As we approached the Felons’ Club, stronghold of Provisional Sinn Féin, the band began to play “Take It Down from the Mast”, a Republican song from the 1930s castigating Republicans who had abandoned the path of fighting for independence. Originally the lyrics had been aimed at the Irish Free State government, then at the Fianna Fáil party; since then they have been thrown in turn at Official Sinn Féin, the Workers’ Party and now, at Provisional Sinn Féin. After Fianna Fáil, each party had sung the lyrics at those considered traitors before them, only for each to become, in turn, the target themselves.

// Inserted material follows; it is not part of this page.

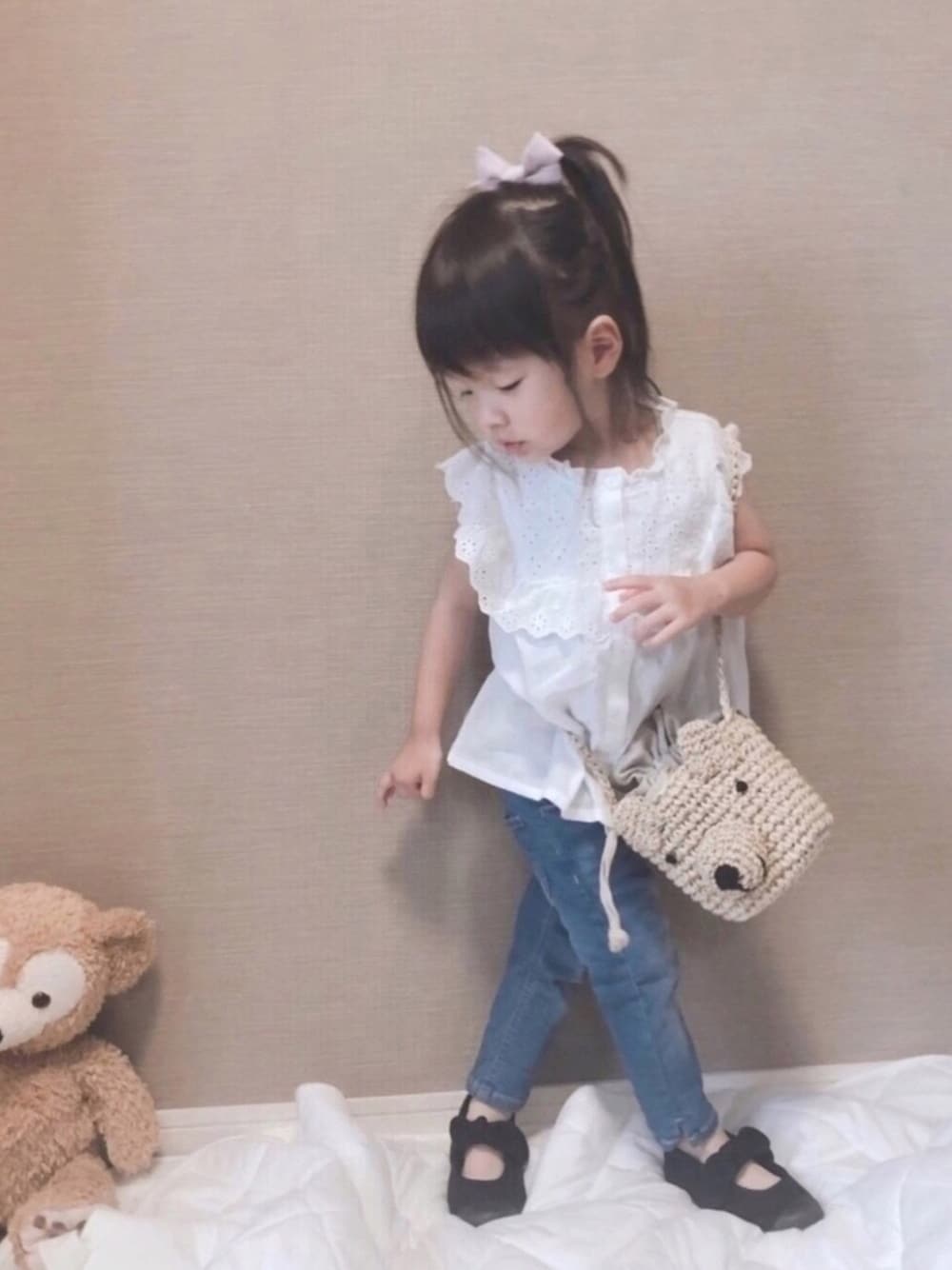 「カジュアルコーデ、シンプル、キッズファッション、プチプラコーデ、女の子、ブラウス、バースデイ、デニム、おしゃれさんと繋がりたい」｜「GLOBAL WORKの【キッズ】レースハイネックブラウス/ノースリーブ/840119（シャツ/ブラウス、ホワイト系）」を使った、✿KURiMi✿さん（キッズ・90cm）の夏コーディネートの1枚目の写真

“Take it down from the mast, Irish traitors,
It’s the flag we Republicans claim;
It can never belong to Free Staters,
For you’ve brought on it nothing but shame.”
As we passed the Felons’ Club, a number of their patrons leaned on the rail watching us go past. I wondered what they thought and felt. Before 1998, presumably it would have been them participating in the march – perhaps even having organised it. What did they think of a march for civil and human rights in their heartland of which they were not a part? Of 5,000 demonstrators marching in driving wind and rain on an issue around which PSF no longer organises? An issue, in fact, which they find threatening, now that they are part of the colonial administration … This is perhaps the reason for their dismissal of those independent Republicans and groups they call “dissidents” and “micro-groups” who, they say, “have no programme”. No doubt they are aware that it is a long time since Provisional Sinn Féin were able to mobilise 5,000 people to march on any issue.
The march came to an end at the Andersonstown shopping centre, the participants to be congratulated by Dee Fennel; we stood to one side, applauding the soaked marching bands as each one passed us. A couple of speakers were announced but, too cold and wet, some of us decamped to our coach, which had been summoned to meet us nearby. There we found that our thermos flasks of coffee and tea had fallen inside the coach and that the linings had smashed – so no hot drink for us.
When all our Dublin party were at last aboard and some had changed into dry clothes, we headed back up the Falls Road in search of food. Some of us were annoyed to find the Cultúrlann, in the restaurant of which we had looked forward to a cooked meal, closed and had to be content with a Chinese take-away for some hot food at last. Then back to Dublin; in our own city, our publicity and organising work as an anti-internment committee awaited us, as well as whatever other political work we might undertake as individuals or as members of other groups.
Links to videos and photos:
Video of many of the participants: https://www.youtube.com/watch?v=4V8ZbUPbY5Q#t=782
Short video as Dublin Committee approaches and passes Loyalist demonstration (available only on Facebook): https://www.facebook.com/photo.php?v=682736298478617&set=vb.100002267588752&type=3
IRPWA is the Irish Republican Prisoner Welfare Association and is linked to the 32-County Sovereignty Movement and campaigns for political prisoners.
Cabhair is an Irish Republican prisoner welfare and campaigning organisation linked to Republican Sinn Féin.
Cógus is also an Irish Republican prisoner campaigning and welfare organisation and linked to the Republican Network for Unity.
The Anti-Internment League and the Anti-Internment Committee of Ireland are campaigning groups independent of any political party or organisation.